L4557: ‘Choice Words’ by Serpent

Posted by Encota on 21 June 2019

For several years I have exchanged birthday cards with a brother, where the aim is to send the naffest card one can find.  This allows a whole year for browsing to find something that is really ghastly, or at the very least memorable in some way.  It becomes quite addictive …

This year he recently sent me a card (available from O’Neill Classics) with a picture of an empostered Ford Anglia, alongside Margaret Thatcher campaigning in Finchley for the 1964 General Election.  So the theme was timely – for me, anyway!

2019-06-10 10.53.14 copy

I could of course claim an almost complete lack of FMC knowledge and declare it a Ford CorTINA …

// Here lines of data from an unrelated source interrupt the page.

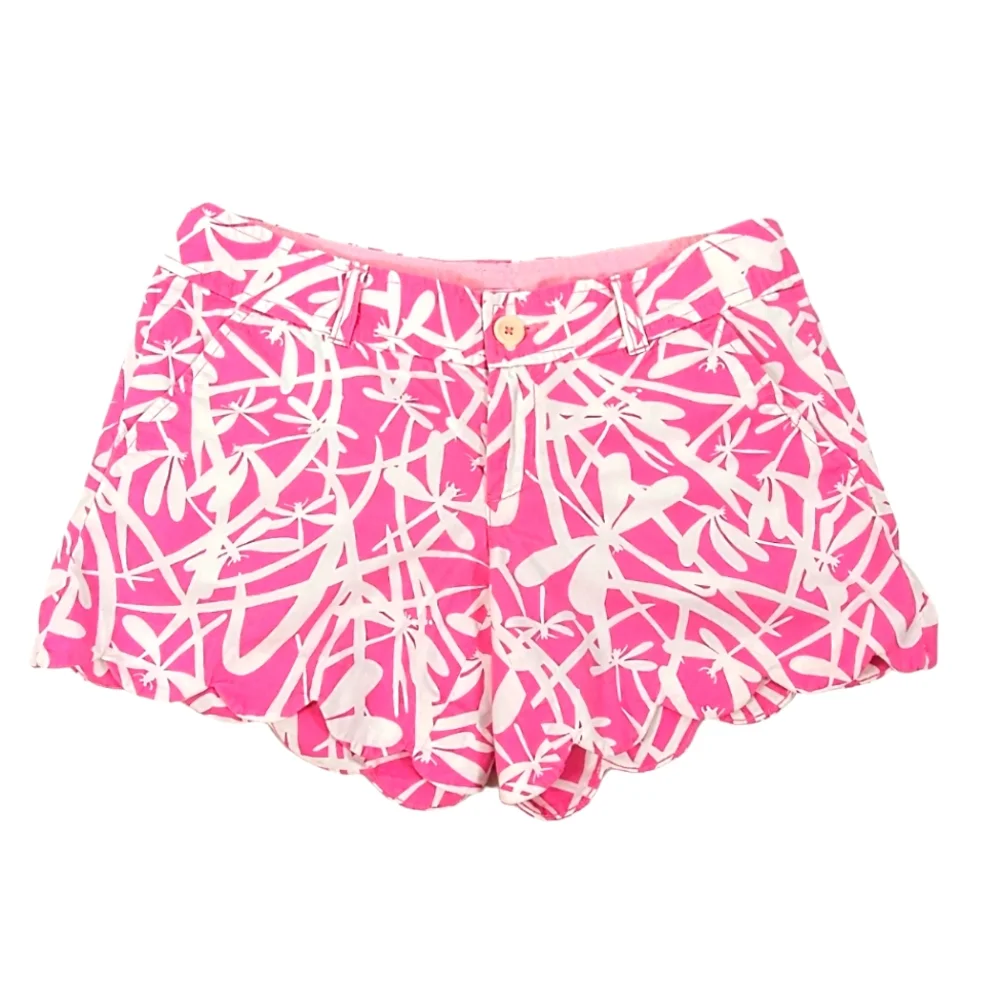 Lilly Pulitzer Pink & White Buttercup Scallop Shorts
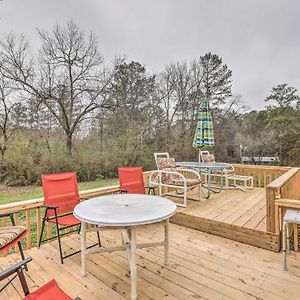 Fairburn Area Home With Deck About 20 Mi To Atlanta Exterior photo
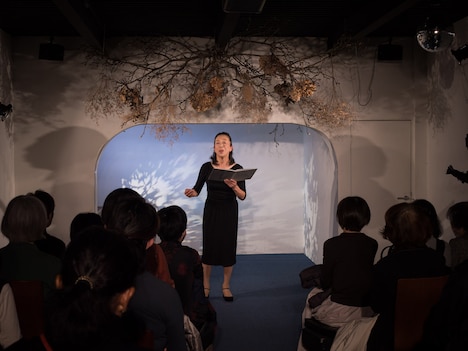 林英世「犬を連れた奥さん」より。（撮影：松原豊）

I really enjoy the accuracy to the definitions in the BRB in Jason’s clues – there is something so satisfying stumbling across the appropriate one.

I haven’t seen the gimmick using aORb words before – a great idea!  EN-OR-MOUS as the answer, for example, but where either EN or MOUS is only entered into the Grid.

With the phrase THERE IS NO ALTERNATIVE arising from jumbling together of the discarded parts from across answers, that simply left TINA to be found as its acronym in the grid – upwards in Column 4, if you are asking.  And the equivalent jumbling from Down clues gave, of course, MARGARET THATCHER.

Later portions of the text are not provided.